The grunt looked back and saw a helmeted brother standing far off down one hallway, far enough his voice shouldn’t have sounded so close. The clone raised a gloved hand and gestured for the grunt to come toward him. But he had no rank on him at all. No insignia. No colors.

His armor wasn’t dented or scratched in the way it would be if an intruder had removed markings from a normal set of armor. The plates gleamed as smoothly and blankly as if they had just come from a Kamino factory.

The grunt took a hesitant few steps toward him. “Identify yourself.”

The stranger turned and walked off.

“Hey!” the clone shouted, chasing after him, and just as he reached the far end of the hall an explosion sent him flying in a shuddering wave of heat. The Separatists had planted a bomb in the meeting.

Of everyone scheduled to be there, the grunt was the only survivor.

The last man standing.

The grunt saw the strange brother a few months after that in the field. He was asleep in his bedroll out on a reconnaissance mission with his squad when something made him wake up.

The unsettling, skull-like helmet was there, right over him. “Come on,” the apparition whispered. Frightened, the grunt didn’t hesitate between the choice of waking his squadmates first and just getting out of there as fast as he could. He jogged off into the brush alongside the brother that made no sound as the ghost wove between the plants and disappeared into the evening mist.
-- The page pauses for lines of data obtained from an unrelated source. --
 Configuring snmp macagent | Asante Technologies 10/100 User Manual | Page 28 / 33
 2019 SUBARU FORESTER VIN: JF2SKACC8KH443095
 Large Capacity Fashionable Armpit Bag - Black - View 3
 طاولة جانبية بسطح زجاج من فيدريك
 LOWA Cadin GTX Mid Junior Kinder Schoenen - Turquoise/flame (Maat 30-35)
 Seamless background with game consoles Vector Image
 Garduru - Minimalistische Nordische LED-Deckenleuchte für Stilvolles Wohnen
An airstrike killed the rest of the squad a few moments later in a whining pitch of artillery, and in the inferno all the grunt could do was give an insane, grateful laugh.
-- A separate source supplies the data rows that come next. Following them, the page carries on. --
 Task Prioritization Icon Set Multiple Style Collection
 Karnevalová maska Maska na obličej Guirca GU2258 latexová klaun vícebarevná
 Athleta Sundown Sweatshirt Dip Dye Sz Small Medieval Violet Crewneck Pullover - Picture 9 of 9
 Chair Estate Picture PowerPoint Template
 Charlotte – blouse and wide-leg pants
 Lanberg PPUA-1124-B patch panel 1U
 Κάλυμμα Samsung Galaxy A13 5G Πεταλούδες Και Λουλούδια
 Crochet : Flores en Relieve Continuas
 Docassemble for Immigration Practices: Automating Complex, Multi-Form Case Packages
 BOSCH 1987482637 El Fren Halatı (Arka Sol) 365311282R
He was, once again, the last man standing.

He hadn’t warned anyone, but he told himself there hadn’t been time. He had made it out, and wasn’t that what was important?

When the strange, featureless armored ghost appeared a third time, almost a year later as the clone was patrolling a quiet, empty path through the forest surrounding his new squad’s camp, the clone was ready.

“Thank you, brother,” he called out as the silent apparition gestured him forward. “Thank you for always saving me.” He jogged toward him on the narrow trail, wondering what awful fate he was escaping this time and for a moment pitying the men back in camp behind him. But he kept going, eager to be safe.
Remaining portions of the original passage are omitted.